On Wednesday, 16 March 2016, Prime Minister Malcolm Turnbull announced that the Federal Government will adopt the Harper Review recommendations to substitute an “effects test” for the current “purpose” (or “taking advantage”) test in the misuse of market power provisions of the Competition and Consumer Act 2010.
Proponents for the change have argued that the current law leaves small businesses vulnerable to abuse by big players, while opponents argue that the proposed change will create uncertainty for all businesses big or small and have a “chilling effect” on innovation.
In this alert, we provide a brief recap of the current prohibition against misuse of market power, outline the recommendations in the Harper Review, and conclude with a discussion of the possible implications of the proposed changes.
The Current Law
Section 46 seeks to stop companies from using their market power to manipulate the market to their advantage.

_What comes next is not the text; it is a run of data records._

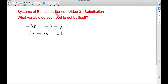In this video — systems of equations video number three — we're going to do another substitution example. As we go through this series, you're going to realize that we can use any technique that we want, but for now let's just focus on some more substitution.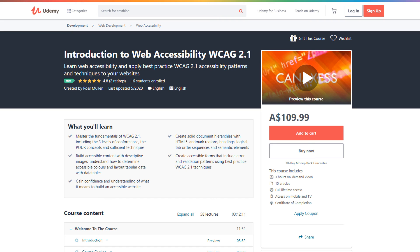This video is from our Introduction to Web Accessibility WCAG 2.1 Udemy course. The course is designed to teach you the fundamentals of web accessibility and how to apply those techniques to websites that you create. If you are interested in finding out more, check out the link in the description below, as well as links to a full transcript. If you want to stay up to date with web accessibility and learn cutting edge techniques, consider subscribing and clicking the bell icon to be notified when new videos are uploaded.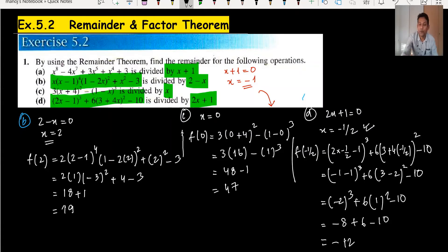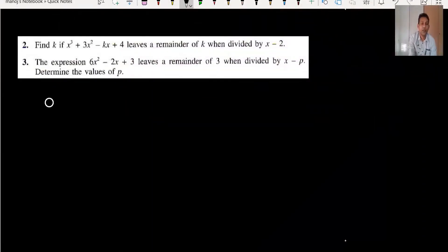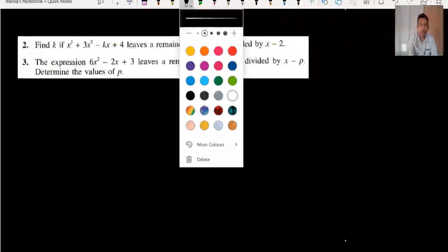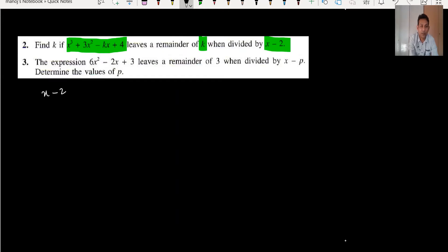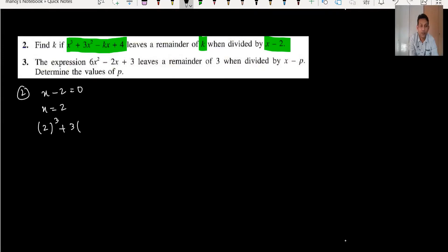That completes question one, all parts. Moving to question two: if the expression leaves a remainder of k when divided by x minus 2, be careful — when I substitute x = 2 into the equation, the result equals k.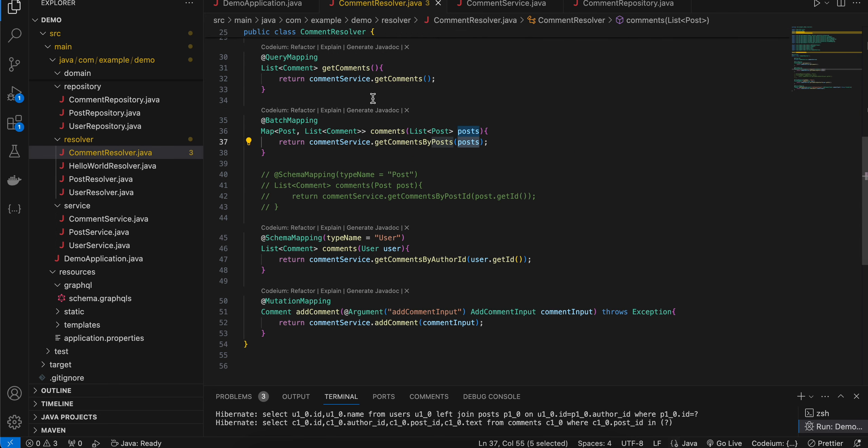There are other field mappers as well. Now it would depend on you and your application how you want it. Just think about it. In case if you don't want this field mapper resolver thing, you can just use this batch mapping thing which can help you to solve the N+1 problem.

The key elements which determine whether a company has misused its market power under section 46 are:
- Did the corporation have “substantial market power”?
- Did the corporation “take advantage” of its substantial market power”?
- Did the corporation take advantage of that power for proscribed anti-competitive purpose?
The “take advantage” test has caused the most controversy over the years. Indeed, the high bar set by the courts for determining whether a company “took advantage” of its substantial market power resulted in the failure of several high profile cases brought by the regulator, the Australian Competitor and Consumer Commission (ACCC) and led to calls from the regulator and small business groups for a relaxation of the section. In essence, the courts ruled that there was no “taking advantage” of substantial market power if there was a legitimate commercial or business rationale for the conduct under scrutiny. To put it another way, if the company would have acted the same way without its substantial market power, it could not be said to have “taken advantage” of its power.
The Harper Panel and Issues with the Current Law
The Harper Review stemmed from the Coalition’s pledge during the 2013 election campaign to have a “root and branch” review of Australian competition policy. Section 46 was included in that review because of its perceived ineffectiveness in protecting small businesses from the conduct of big business.
After examining the case law, the Harper Panel concluded that the “take advantage” test did not distinguish between, on the one hand, egregious anti-competitive behaviour which should be unlawful because of its overall effect on competition in the market and, on the other hand, conduct which, although harmful to individual competitors, did not harm competition overall.
The Harper Panel’s Recommendation
In its Final Report, the Panel proposed that section 46 be re-framed as follows:
“to prohibit a corporation with substantial degree of market power from engaging in conduct if the conduct has the purpose, effect or likely effect of substantially lessening competition in that or any other market”.
When adopted into law, section 46 will be a radically different animal from that with which businesses and their lawyers have grappled to this point. The “purpose” test will be widened to include an “effects” test, and the “take advantage’ element will be replaced by a “substantially lessening competition” test.
Considerations for Small and Big Businesses
Although misuse of market power claims can be brought by aggrieved competitors, the great bulk of such claims have been prosecuted by the ACCC.
However, the ACCC’s successes have been few and far between. Indeed, one could say that the commission has become “gun-shy” about section 46 cases, if its recent focus on using the unconscionability provisions in the Australian Consumer Law to pursue claims against the large supermarket chains in particular for section 46 type conduct is any guide.
Should the Federal Government successfully legislate the changes, the ACCC can be expected to run a number of cases to test the efficacy of the new law. Small businesses may also see the changes as an opportunity to bring private actions of their own against corporations which they allege are engaging in conduct that is substantially lessening competition.
Currently, businesses only need consider whether their conduct might be considered as having an anti-competitivepurpose when acting in the market. When the proposed changes become law, businesses will need to consider whether the effect or likely effect of their conduct in the market could substantially lessen competition. Implementation of run of the mill business strategies such as:
- setting prices of your products to compete with competitors;
- negotiating trading terms with buyers or sellers; and
- implementing business strategies to harm competitors,
may need to be reconsidered when the changes take effect.